In the challenge we get encryption code, encrypted flag, encrypted private key and public key.
The code is quite short and simple:
- RSA keypair is generated in some secret way
- Private RSA key is encrypted via AES-ECB
- Flag is encrypted using public RSA key
The goal seems clear - we need to somehow recover the private key from the public key and the AES-encrypted version of the private key.
If we look closely at the private key, we can notice a very strange pattern at a certain point:
96 e7 52 3f 9a 7b 17 0a 19 2f 94 66 17 bd cc 0d
0c 0e 7c 7e c8 a2 4c 4e 6d e3 9c 6d 1b c2 68 30
96 e7 52 3f 9a 7b 17 0a 19 2f 94 66 17 bd cc 0d
0c 0e 7c 7e c8 a2 4c 4e 6d e3 9c 6d 1b c2 68 30
96 e7 52 3f 9a 7b 17 0a 19 2f 94 66 17 bd cc 0d
0c 0e 7c 7e c8 a2 4c 4e 6d e3 9c 6d 1b c2 68 30
96 e7 52 3f 9a 7b 17 0a 19 2f 94 66 17 bd cc 0d
0c 0e 7c 7e c8 a2 4c 4e 6d e3 9c 6d 1b c2 68 30
96 e7 52 3f 9a 7b 17 0a 19 2f 94 66 17 bd cc 0d
0c 0e 7c 7e c8 a2 4c 4e 6d e3 9c 6d 1b c2 68 30
96 e7 52 3f 9a 7b 17 0a 19 2f 94 66 17 bd cc 0d
0c 0e 7c 7e c8 a2 4c 4e 6d e3 9c 6d 1b c2 68 30
96 e7 52 3f 9a 7b 17 0a 19 2f 94 66 17 bd cc 0d
0c 0e 7c 7e c8 a2 4c 4e 6d e3 9c 6d 1b c2 68 30
96 e7 52 3f 9a 7b 17 0a 19 2f 94 66 17 bd cc 0d
This is a classic ECB encryption artifact - identical plaintext blocks encrypted into identical ciphertext blocks.

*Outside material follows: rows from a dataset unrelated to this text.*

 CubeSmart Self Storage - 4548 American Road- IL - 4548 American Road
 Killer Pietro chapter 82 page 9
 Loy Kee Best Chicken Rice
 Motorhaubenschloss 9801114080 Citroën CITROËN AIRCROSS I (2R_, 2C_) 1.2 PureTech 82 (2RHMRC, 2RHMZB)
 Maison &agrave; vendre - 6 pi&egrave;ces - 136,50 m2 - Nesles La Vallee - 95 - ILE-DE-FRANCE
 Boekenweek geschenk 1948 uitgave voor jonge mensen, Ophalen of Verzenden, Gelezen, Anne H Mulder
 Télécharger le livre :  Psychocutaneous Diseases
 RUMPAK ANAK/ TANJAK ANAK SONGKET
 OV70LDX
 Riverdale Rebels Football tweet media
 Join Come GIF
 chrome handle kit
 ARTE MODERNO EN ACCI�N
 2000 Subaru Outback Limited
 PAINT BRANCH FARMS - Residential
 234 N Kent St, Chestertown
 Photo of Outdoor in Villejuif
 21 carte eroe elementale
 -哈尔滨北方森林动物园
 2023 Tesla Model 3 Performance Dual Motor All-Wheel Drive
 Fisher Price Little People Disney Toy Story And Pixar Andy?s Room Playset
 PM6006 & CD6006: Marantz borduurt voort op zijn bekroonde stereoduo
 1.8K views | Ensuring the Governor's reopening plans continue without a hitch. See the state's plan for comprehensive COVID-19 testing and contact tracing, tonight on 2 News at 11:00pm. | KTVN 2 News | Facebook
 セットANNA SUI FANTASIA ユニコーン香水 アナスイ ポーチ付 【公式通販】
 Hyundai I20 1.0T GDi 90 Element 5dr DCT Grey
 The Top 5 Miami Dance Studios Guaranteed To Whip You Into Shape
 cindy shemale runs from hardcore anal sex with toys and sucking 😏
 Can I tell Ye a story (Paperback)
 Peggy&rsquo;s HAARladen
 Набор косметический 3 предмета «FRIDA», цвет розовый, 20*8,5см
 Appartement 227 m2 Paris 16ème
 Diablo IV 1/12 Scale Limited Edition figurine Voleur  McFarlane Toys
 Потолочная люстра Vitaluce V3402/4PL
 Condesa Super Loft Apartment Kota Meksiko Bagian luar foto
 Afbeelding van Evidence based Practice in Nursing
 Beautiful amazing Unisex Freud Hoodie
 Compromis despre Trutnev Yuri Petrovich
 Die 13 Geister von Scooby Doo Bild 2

Now if we generate our own key with similar parameters (we can use the same public key and generate primes of the same size), we can notice that this particular piece of data falls into the place where first prime factor should be, plus-minus few bytes in the block before and block after.
This means that the prime factor has to have such repeating pattern spanning over 2 blocks (32 bytes), at leats in the middle.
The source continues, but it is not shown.